Data extract:
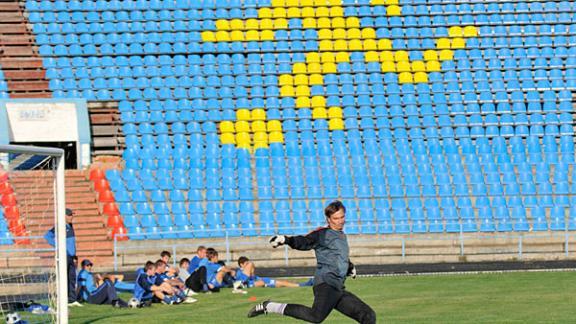 Проблемы стадиона и футбольного клуба «Динамо» Ставрополь» обсудили на федеральном уровне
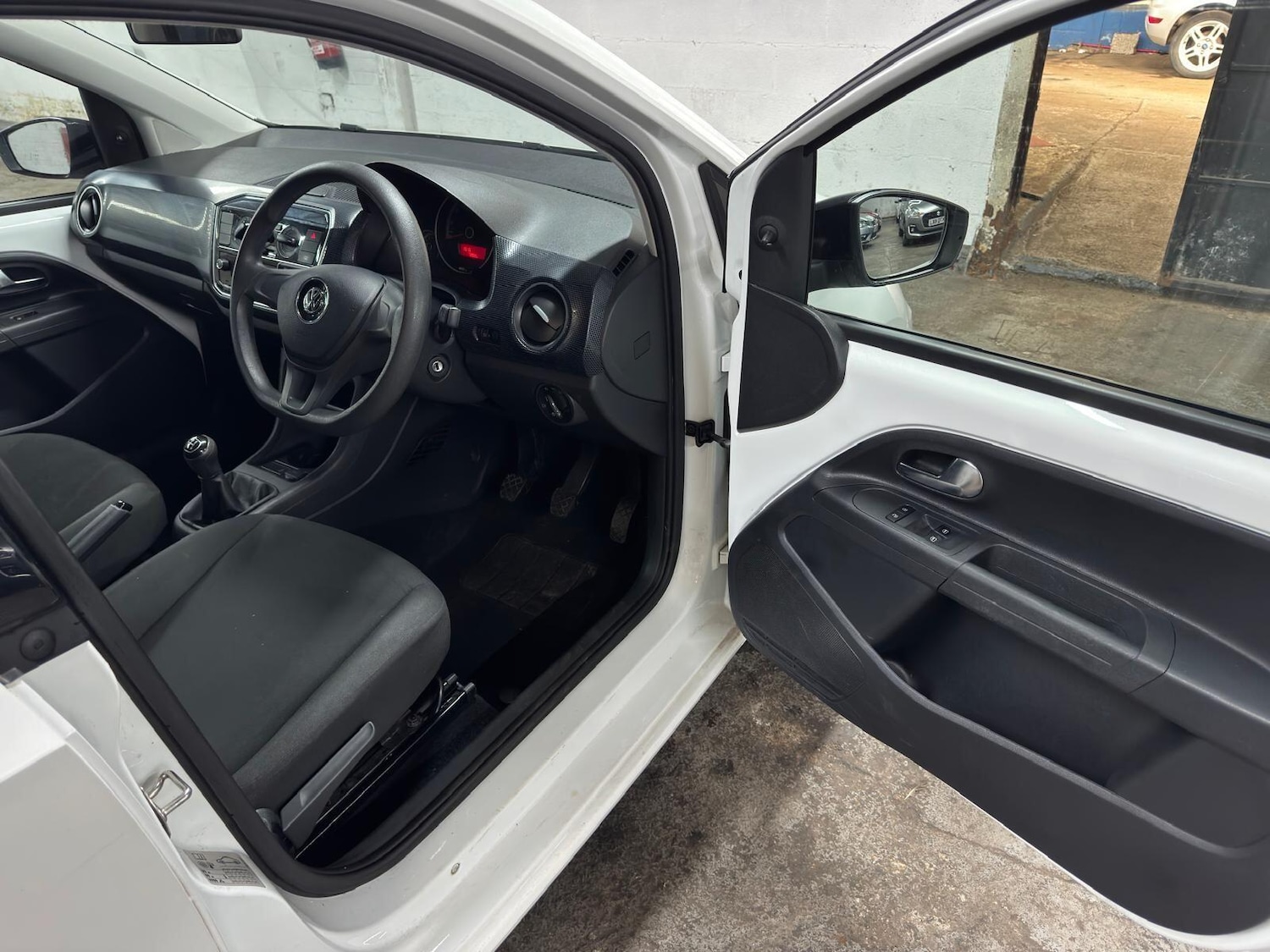 Used Volkswagen up! 2017 for sale - 78205439: Photo 2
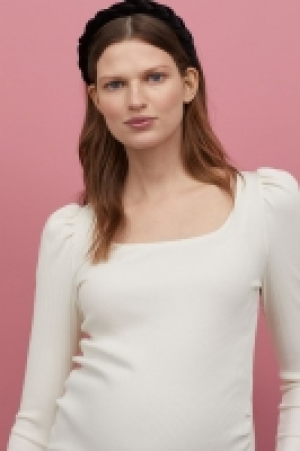  MAMA Ribbed top £10.00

What is being asked: All of the lines above must be repeated without alteration, though the pictures are to be excluded.

Answer box:
 Проблемы стадиона и футбольного клуба «Динамо» Ставрополь» обсудили на федеральном уровне
 Used Volkswagen up! 2017 for sale - 78205439: Photo 2
  MAMA Ribbed top £10.00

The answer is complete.